== RECORDS SUPPLIED ==
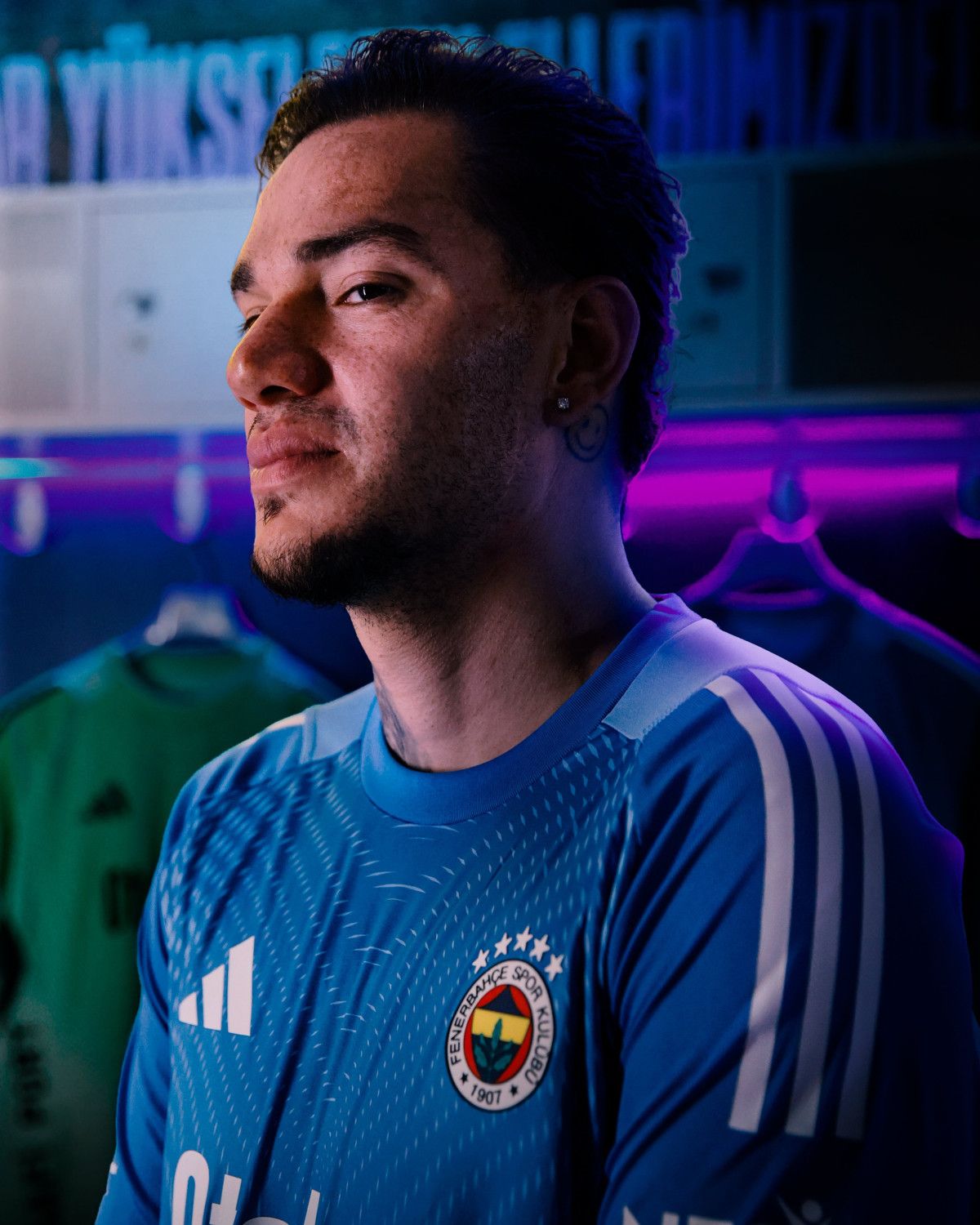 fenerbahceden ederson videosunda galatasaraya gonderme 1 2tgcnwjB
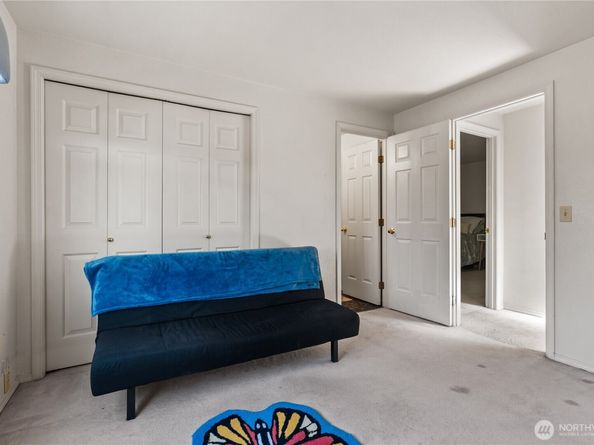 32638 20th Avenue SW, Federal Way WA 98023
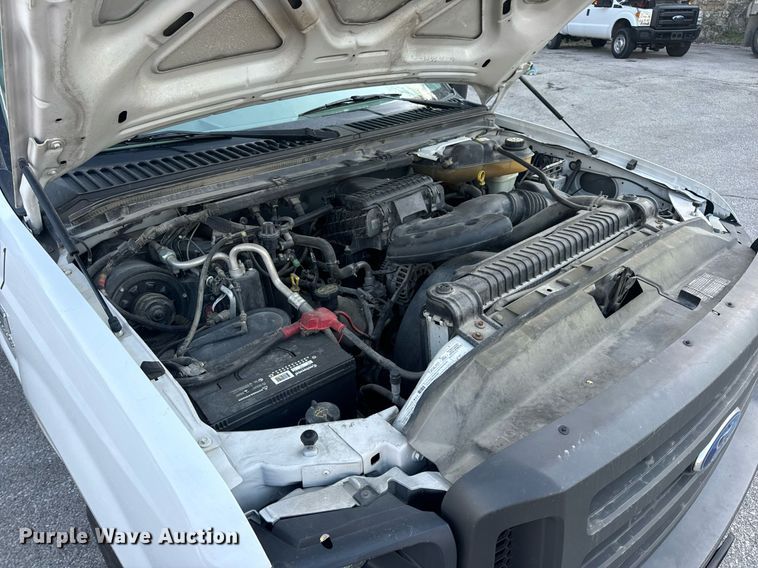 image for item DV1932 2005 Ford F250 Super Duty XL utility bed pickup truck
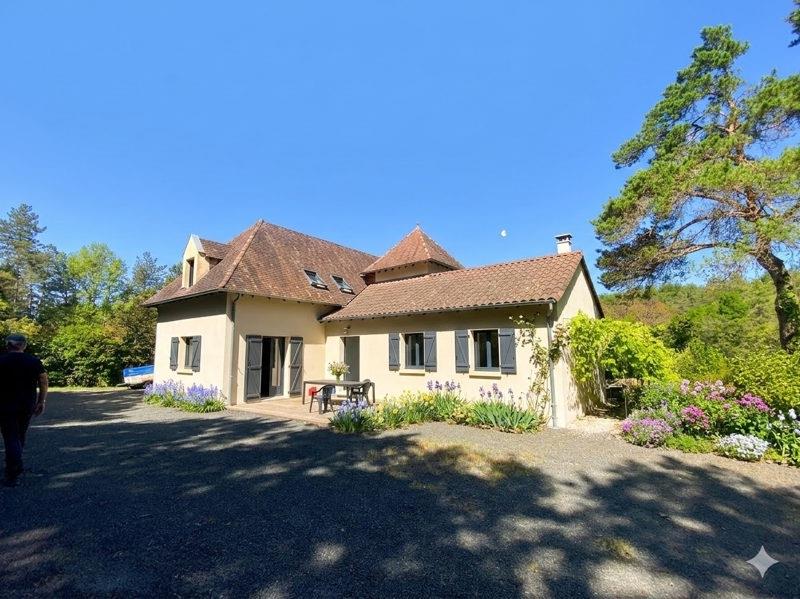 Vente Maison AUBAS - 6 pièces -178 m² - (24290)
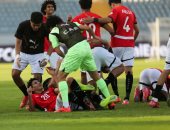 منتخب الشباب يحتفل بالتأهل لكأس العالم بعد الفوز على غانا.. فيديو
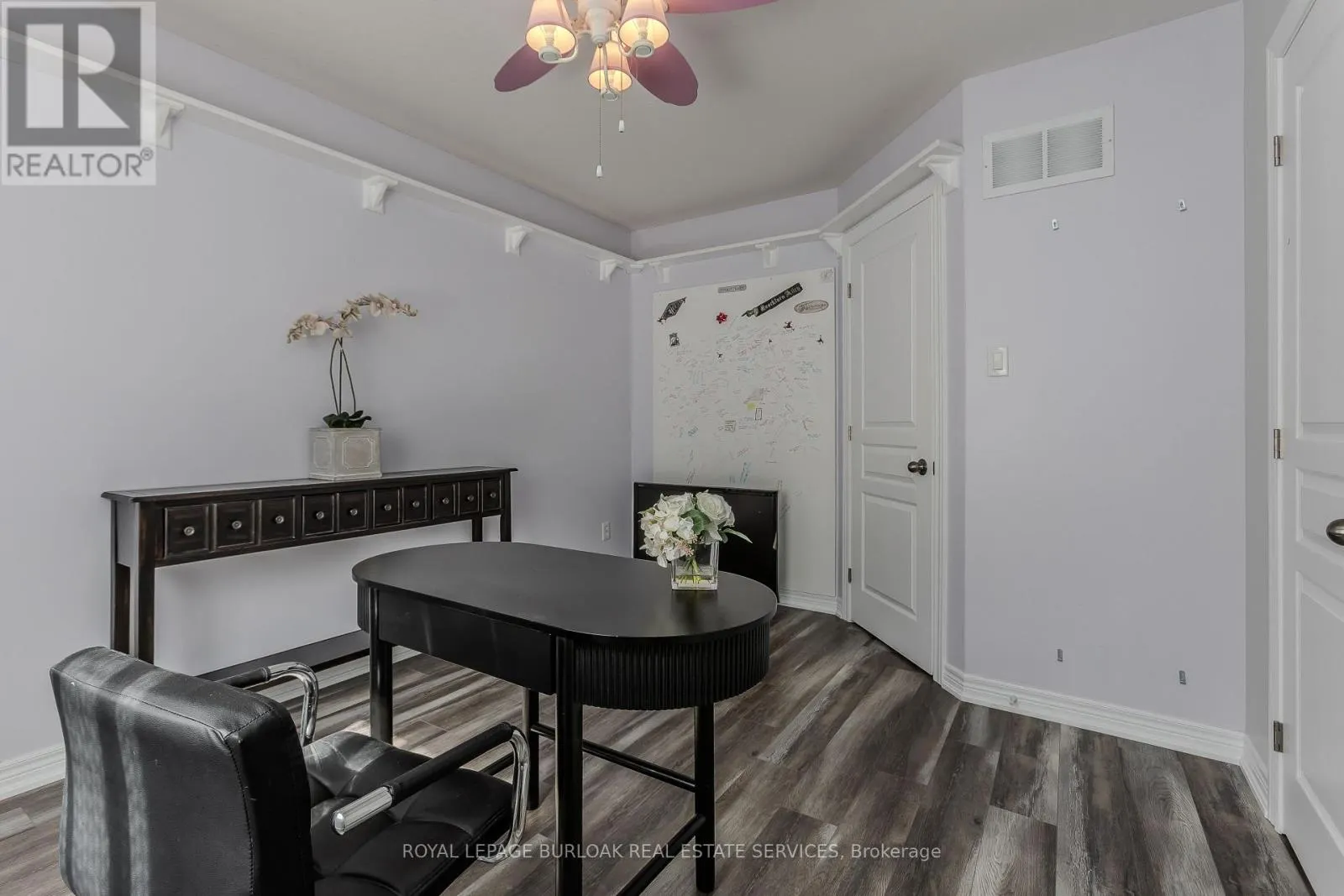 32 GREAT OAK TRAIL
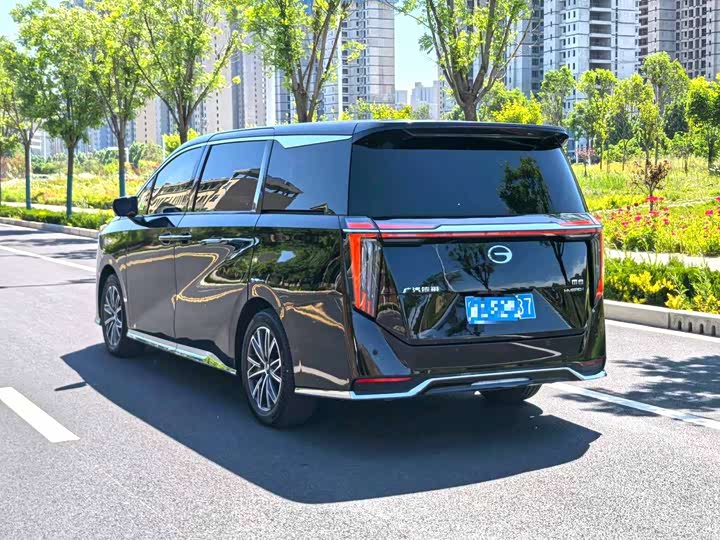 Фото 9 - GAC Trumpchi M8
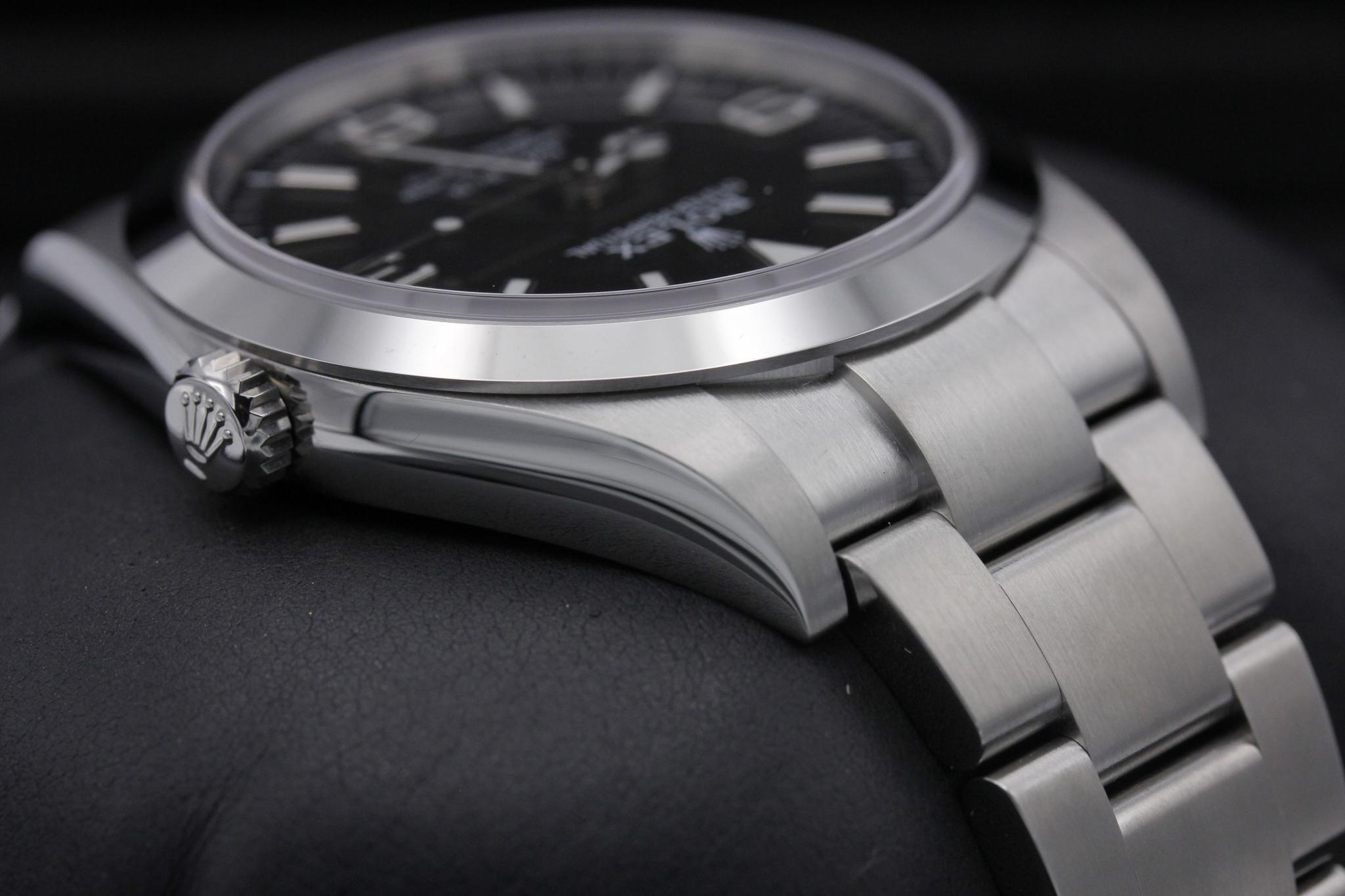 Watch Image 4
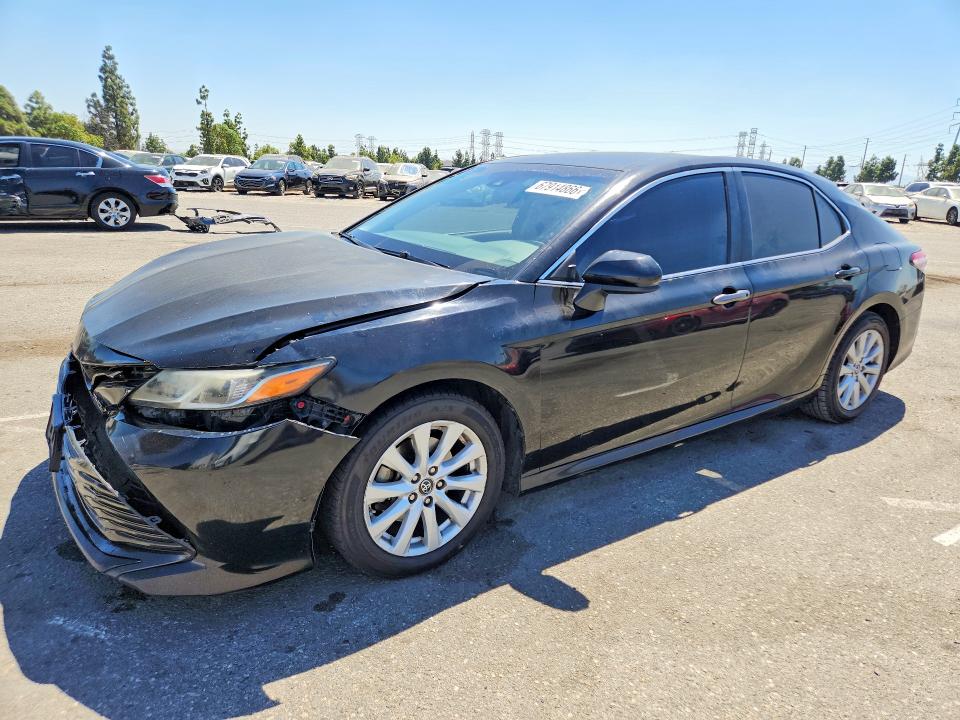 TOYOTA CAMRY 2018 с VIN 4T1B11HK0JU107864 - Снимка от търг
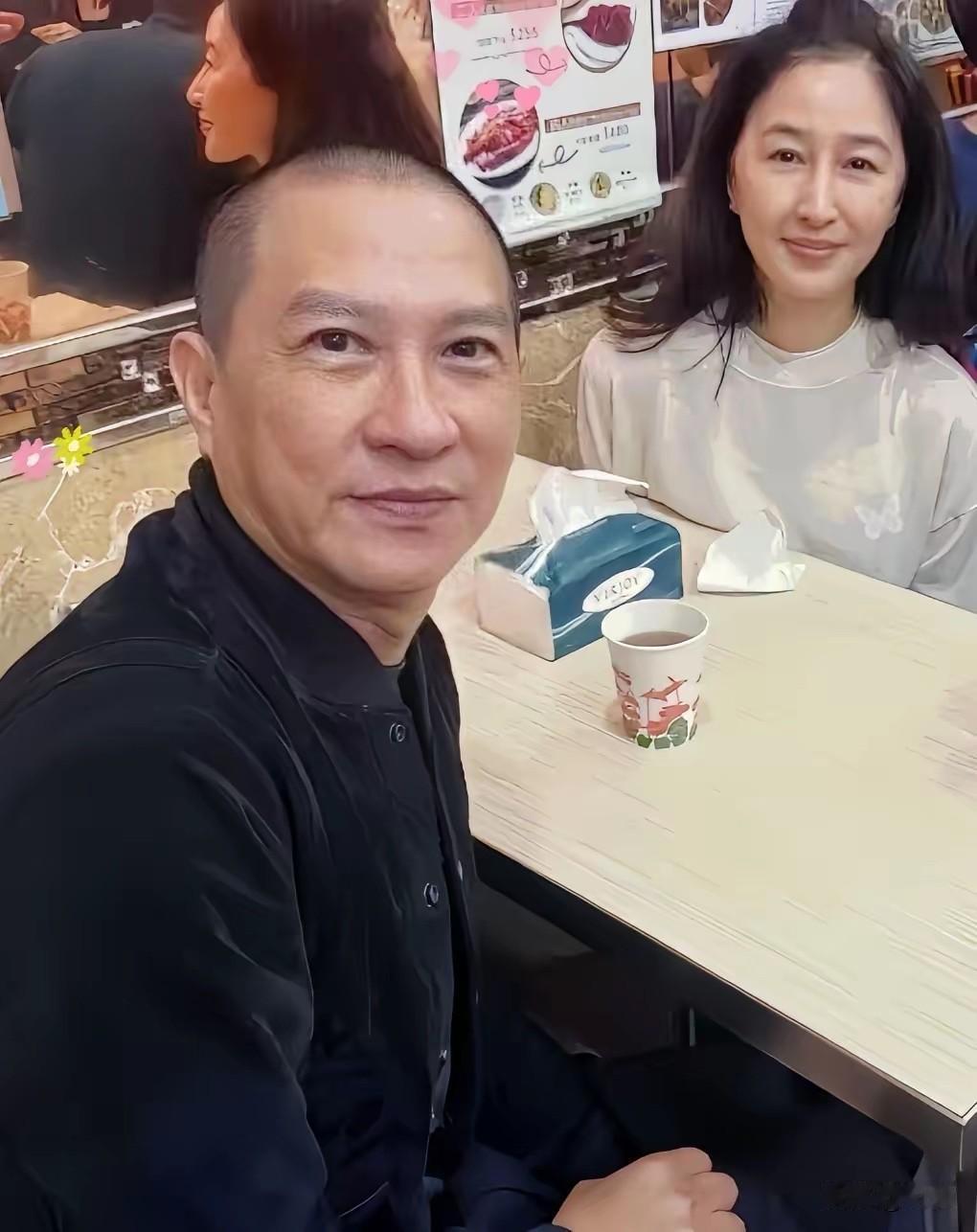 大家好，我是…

== EXERCISE PROMPT ==
The records above, copied word for word without the pictures, are what should be output.

== RESULT OF THIS TASK ==
 fenerbahceden ederson videosunda galatasaraya gonderme 1 2tgcnwjB
 32638 20th Avenue SW, Federal Way WA 98023
 image for item DV1932 2005 Ford F250 Super Duty XL utility bed pickup truck
 Vente Maison AUBAS - 6 pièces -178 m² - (24290)
 منتخب الشباب يحتفل بالتأهل لكأس العالم بعد الفوز على غانا.. فيديو
 32 GREAT OAK TRAIL
 Фото 9 - GAC Trumpchi M8
 Watch Image 4
 TOYOTA CAMRY 2018 с VIN 4T1B11HK0JU107864 - Снимка от търг
 大家好，我是…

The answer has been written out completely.